- Date: 20–26 February
- Edition: 7th
- Surface: Hard
- Location: Bangalore, India

Champions

Singles
- Max Purcell

Doubles
- Chung Yun-seong / Hsu Yu-hsiou
- ← 2022 · Bengaluru Open · 2024 →

= 2023 Bengaluru Open =

The 2023 Bengaluru Open was a professional tennis tournament played on hard courts. It was the seventh edition of the tournament which was part of the 2023 ATP Challenger Tour. It took place in Bangalore, India from 20 to 26 February 2023.

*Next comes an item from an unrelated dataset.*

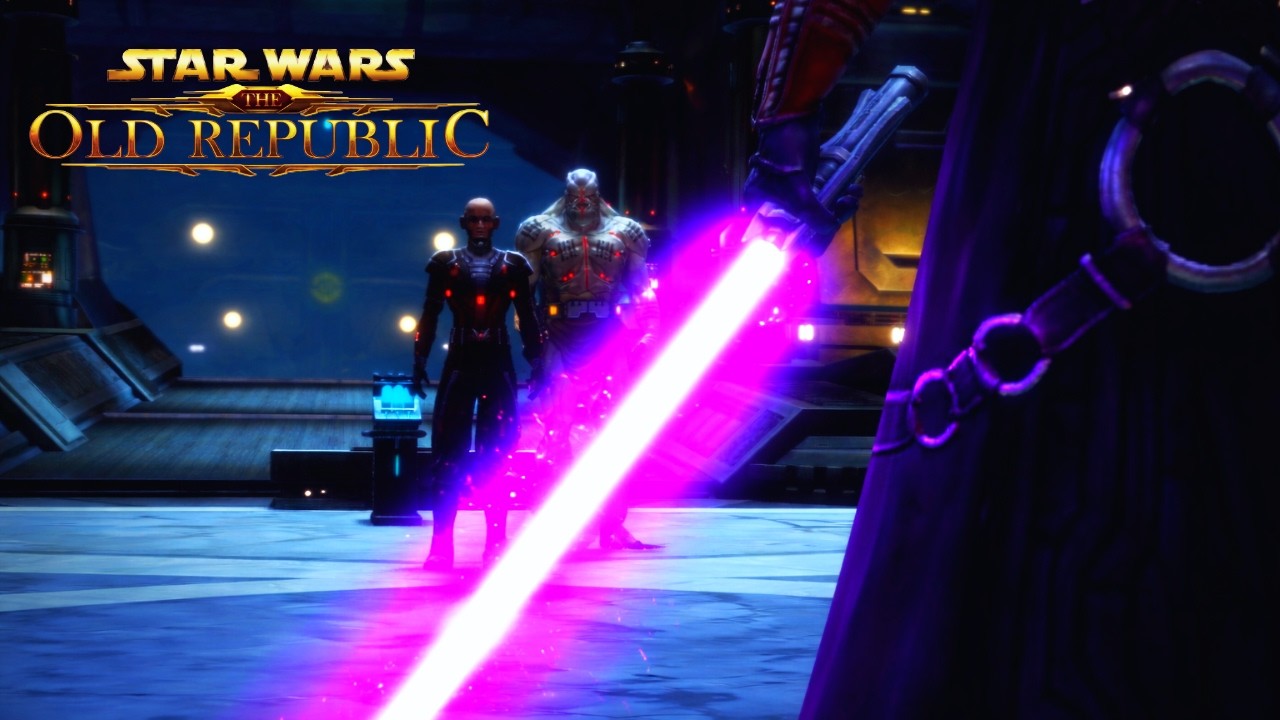 SWTOR INQUISITOR JEREC - BOARDING PARTY & THE FOUNDRY STORY ARC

==Singles main-draw entrants==
===Seeds===

| Country | Player | Rank^{1} | Seed |
|---|---|---|---|
| TPE | Tseng Chun-hsin | 132 | 1 |
| AUS | James Duckworth | 138 | 2 |
| GBR | Ryan Peniston | 147 | 3 |
| AUT | Sebastian Ofner | 155 | 4 |
| ITA | Luca Nardi | 158 | 5 |
| ITA | Francesco Maestrelli | 179 | 6 |
| CZE | Dalibor Svrčina | 187 | 7 |
| BUL | Dimitar Kuzmanov | 196 | 8 |

- ^{1} Rankings are as of 13 February 2023.

===Other entrants===
The following players received wildcards into the singles main draw:
- SWE Leo Borg
- IND S D Prajwal Dev
- IND Sumit Nagal

The following player received entry into the singles main draw using a protected ranking:
- AUS Marc Polmans

The following player received entry into the singles main draw as an alternate:
- FRA Harold Mayot

The following players received entry from the qualifying draw:
- IND Prajnesh Gunneswaran
- TPE Jason Jung
- Alibek Kachmazov
- AUS James McCabe
- SRB Nikola Milojević
- FRA Giovanni Mpetshi Perricard

The following player received entry as a lucky loser:
- JPN Yasutaka Uchiyama

==Champions==
===Singles===

- AUS Max Purcell def. AUS James Duckworth 3–6, 7–5, 7–6^{(7–5)}.

===Doubles===

- KOR Chung Yun-seong / TPE Hsu Yu-hsiou def. IND Anirudh Chandrasekar / IND Vijay Sundar Prashanth 3–6, 7–6^{(9–7)}, [11–9].